**To do:** All of the data below must be reproduced word for word, but without its images.

:: Entries supplied

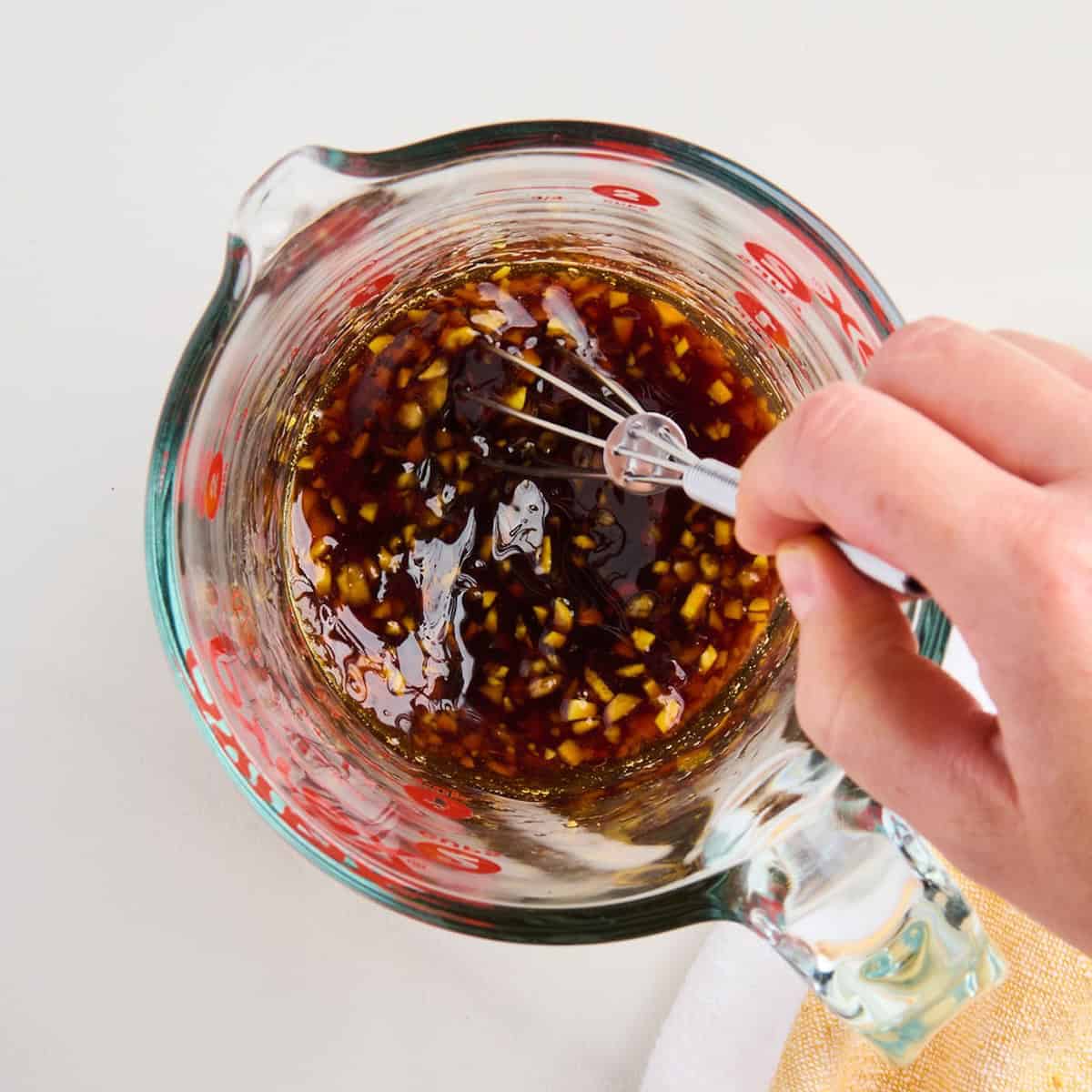 Woman whisking simple garlic ginger stir fry sauce in a measuring cup.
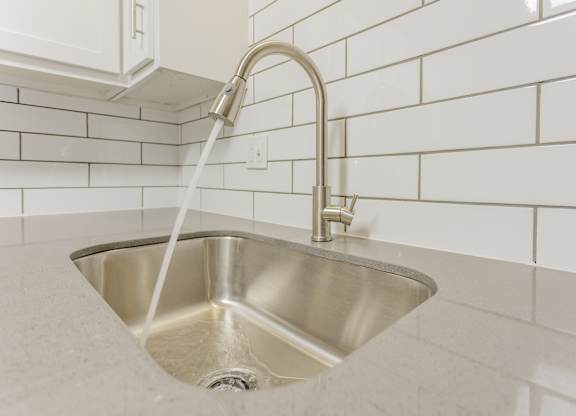 A silver sink with a chrome faucet and a white hose running from the tap.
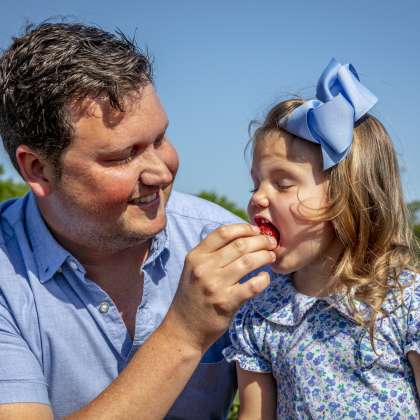 Little girl eating strawberry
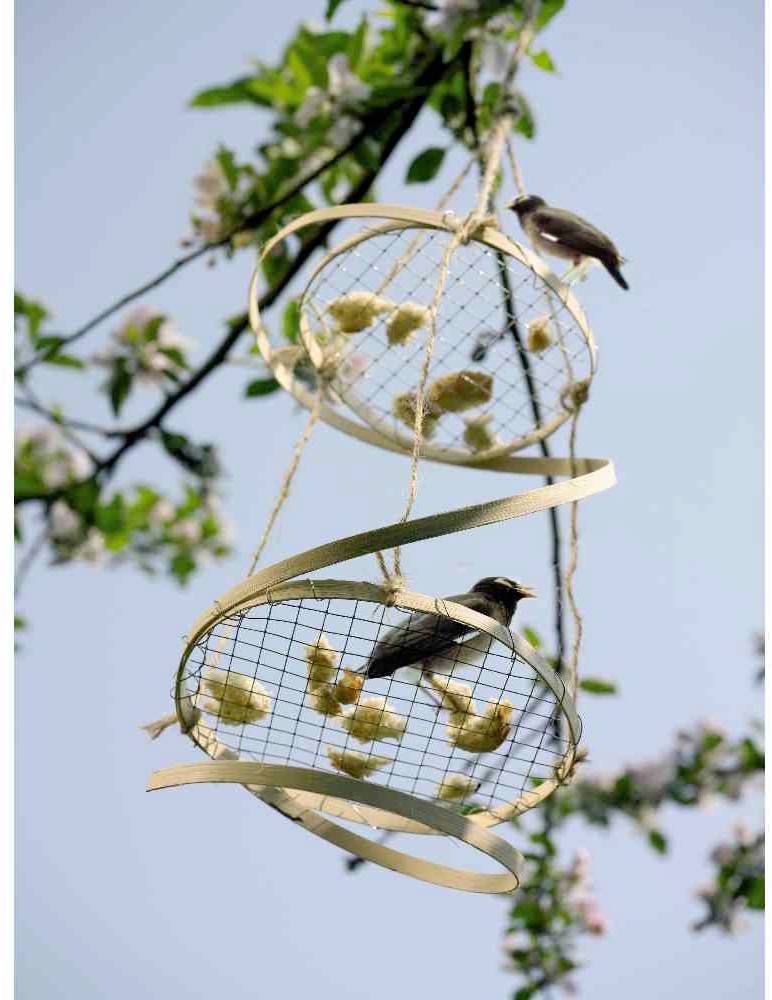Zwei Vögel sitzen auf einem dekorativen, mit Blumen bestückten Gitter, das an einem blühenden Ast hängt; klarer Himmel im Hintergrund.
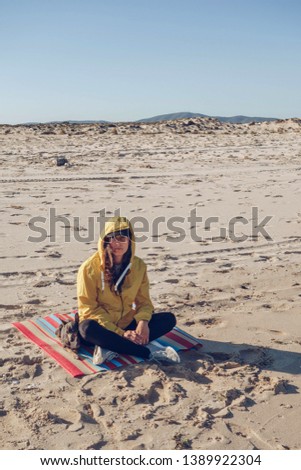 Young and brunette woman with her little dog on the beach with yellow raincoat and cap. Looking at the horizon.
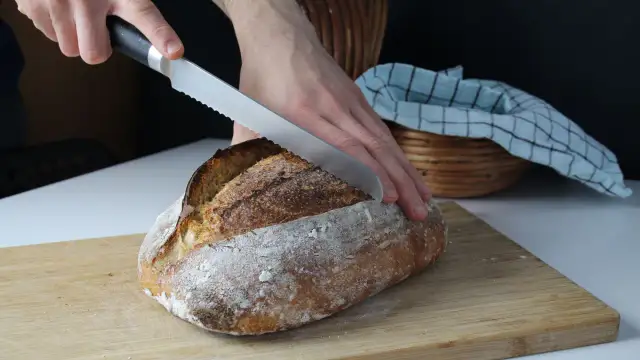 Krojenie świeżo upieczonego chleba na desce. Idealny przepis na chleb dla każdego.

::::

**Answer to this problem:**
 Woman whisking simple garlic ginger stir fry sauce in a measuring cup.
 A silver sink with a chrome faucet and a white hose running from the tap.
 Little girl eating strawberry
Zwei Vögel sitzen auf einem dekorativen, mit Blumen bestückten Gitter, das an einem blühenden Ast hängt; klarer Himmel im Hintergrund.
 Young and brunette woman with her little dog on the beach with yellow raincoat and cap. Looking at the horizon.
 Krojenie świeżo upieczonego chleba na desce. Idealny przepis na chleb dla każdego.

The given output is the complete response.